WHAT IS EXPECTED:
Transcribe the listing exactly; drop the images.

DATA SECTION:
Content starts

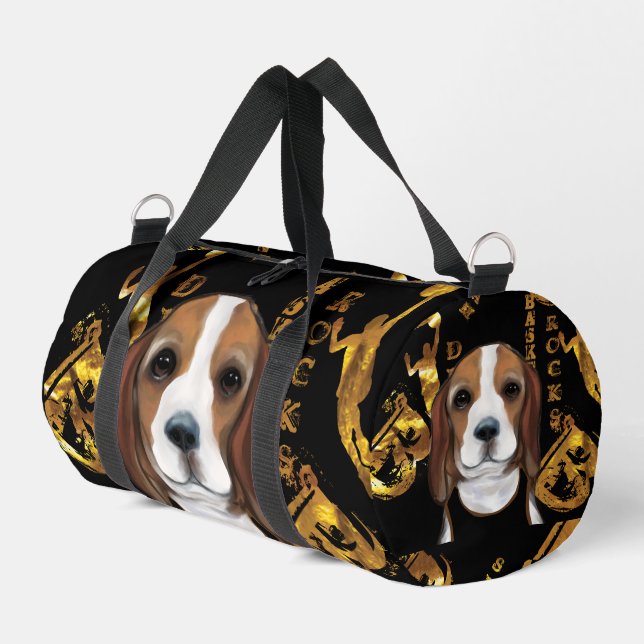 Beagle  duffle bag (Left Corner)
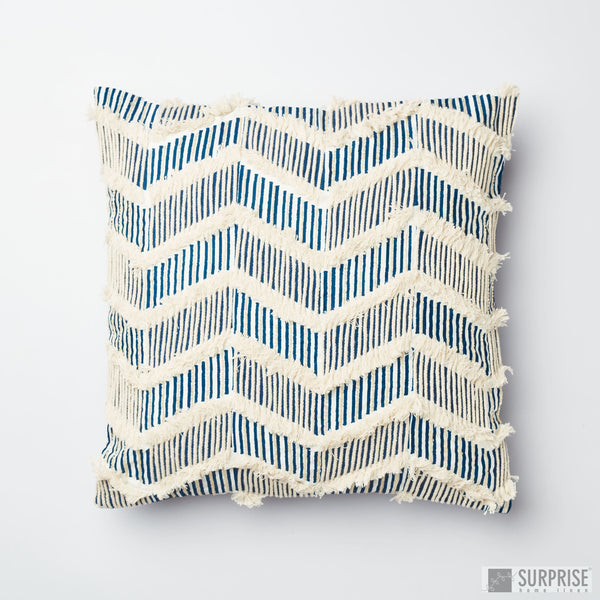 Surprise Home - Sequined Chevron Cushion Covers (Blue)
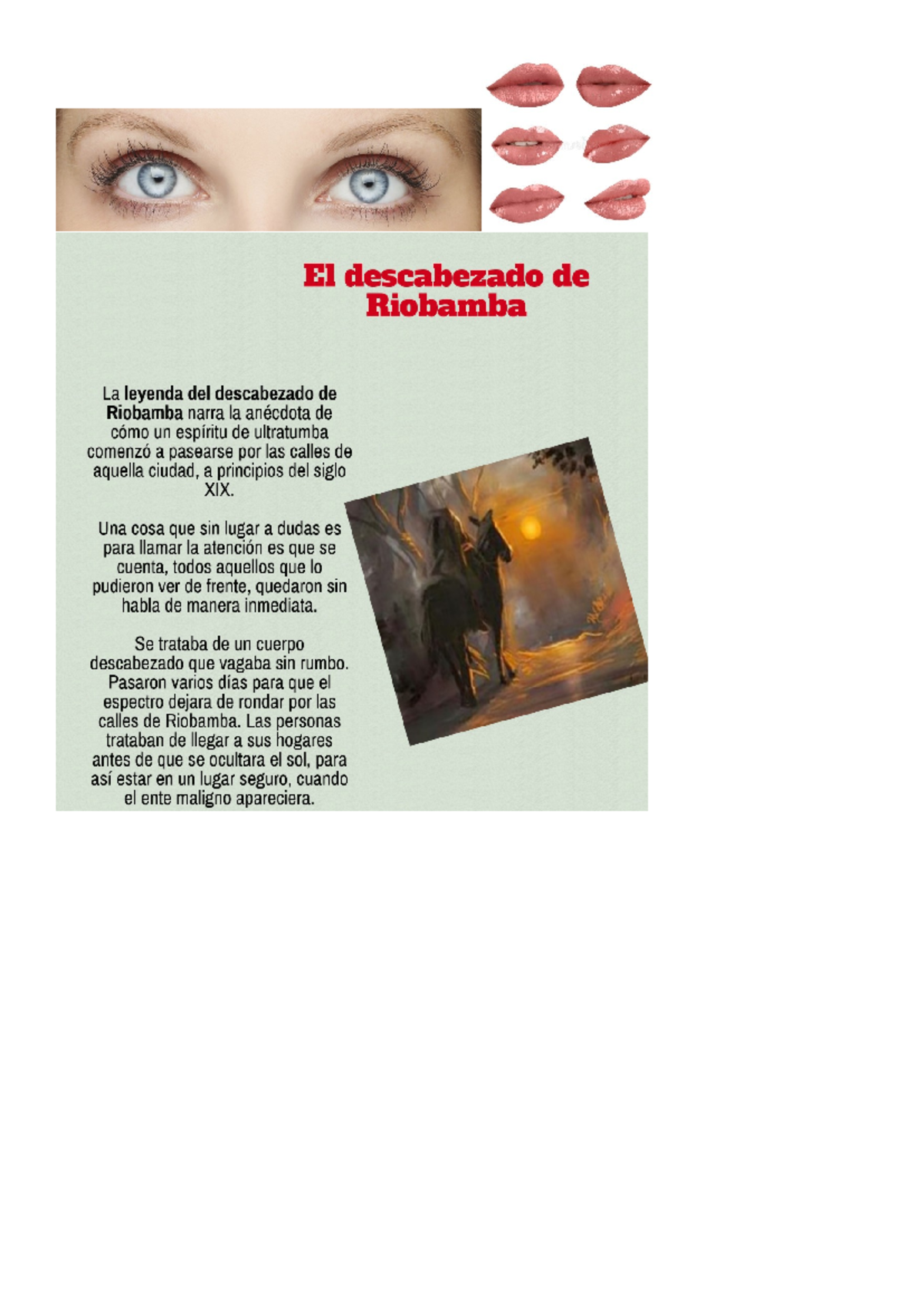 Ty - si puede ser de utilidad para ti - El descabezado de Riobamba La ...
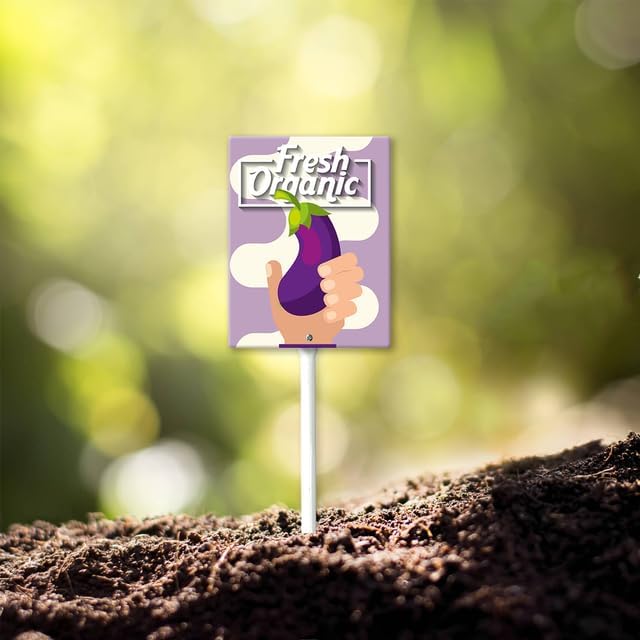 Eveokoki Aluminum Seed & Plant Labels - Plant Markes for Seedlings-Plant Tags for Pots - Garden Signs for Vegetable - Durable Markers for Plants Outdoor Waterproof - Garden Decor for Farmhouse-VerdiqueGarden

Content ends

TASK ANSWER:
 Beagle  duffle bag (Left Corner)
 Surprise Home - Sequined Chevron Cushion Covers (Blue)
 Ty - si puede ser de utilidad para ti - El descabezado de Riobamba La ...
 Eveokoki Aluminum Seed & Plant Labels - Plant Markes for Seedlings-Plant Tags for Pots - Garden Signs for Vegetable - Durable Markers for Plants Outdoor Waterproof - Garden Decor for Farmhouse-VerdiqueGarden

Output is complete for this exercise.